[Work order] For the records below, copy exactly the span that begins at the line containing "LickSafe™—The Preventive Paw Hygiene" and stops after the line containing "CACHORROS CANE CORSO", minus any pictures.

[Records provided]
=== Section Start ===

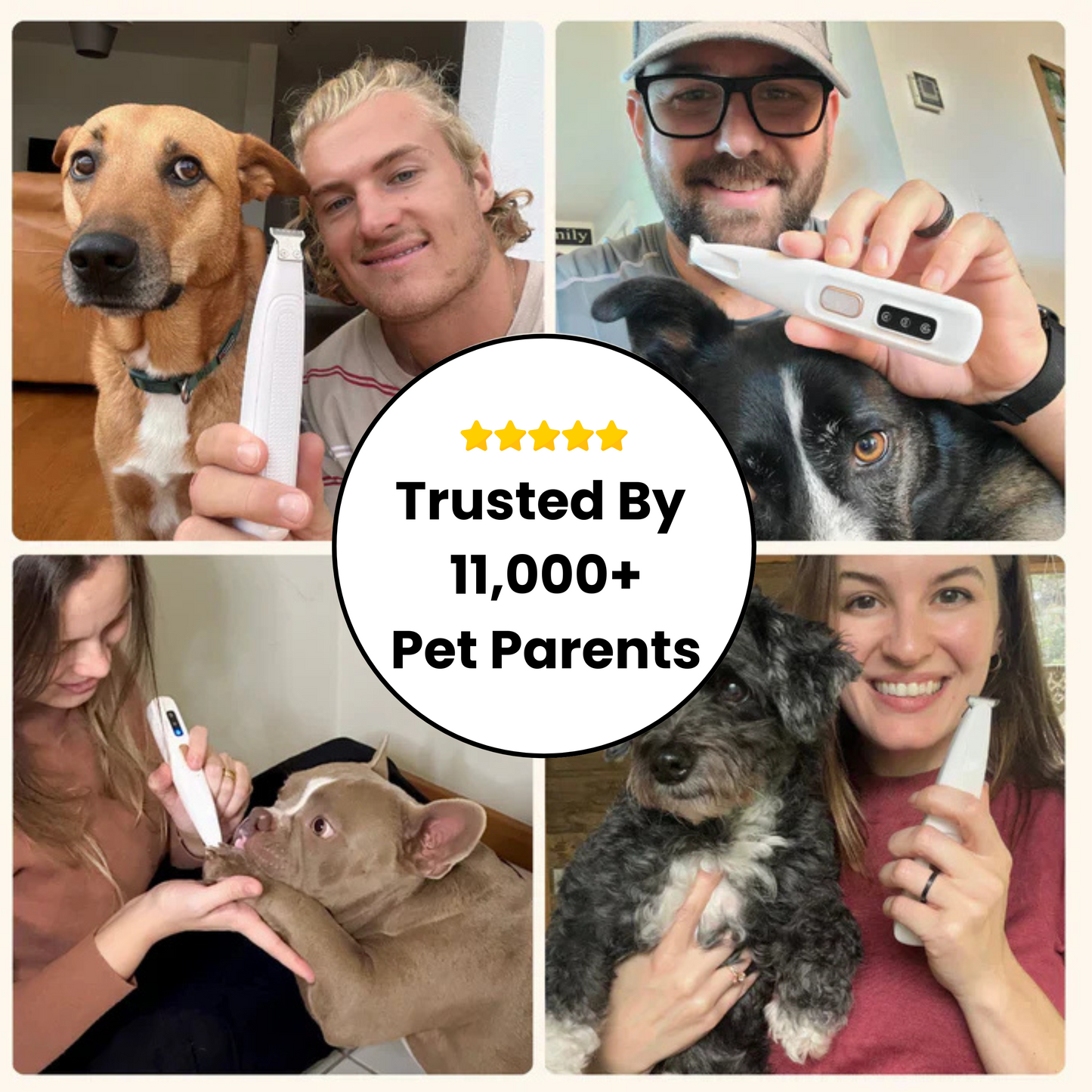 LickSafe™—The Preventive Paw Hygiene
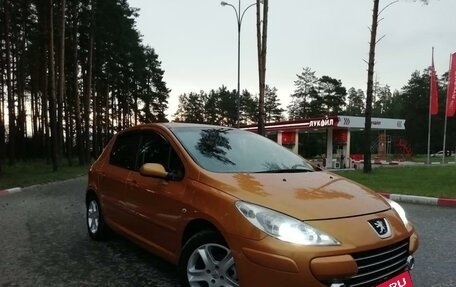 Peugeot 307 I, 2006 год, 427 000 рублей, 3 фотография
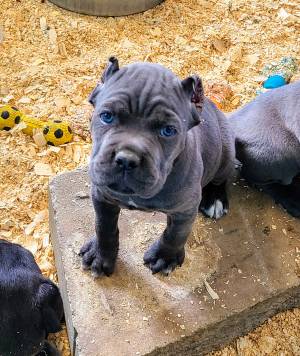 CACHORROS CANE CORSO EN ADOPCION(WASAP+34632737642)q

=== Section End ===
=== Section Start ===

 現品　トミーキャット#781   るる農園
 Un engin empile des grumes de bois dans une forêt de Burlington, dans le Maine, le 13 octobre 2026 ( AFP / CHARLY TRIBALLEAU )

=== Section End ===

[Result of the exercise]
 LickSafe™—The Preventive Paw Hygiene
 Peugeot 307 I, 2006 год, 427 000 рублей, 3 фотография
 CACHORROS CANE CORSO EN ADOPCION(WASAP+34632737642)q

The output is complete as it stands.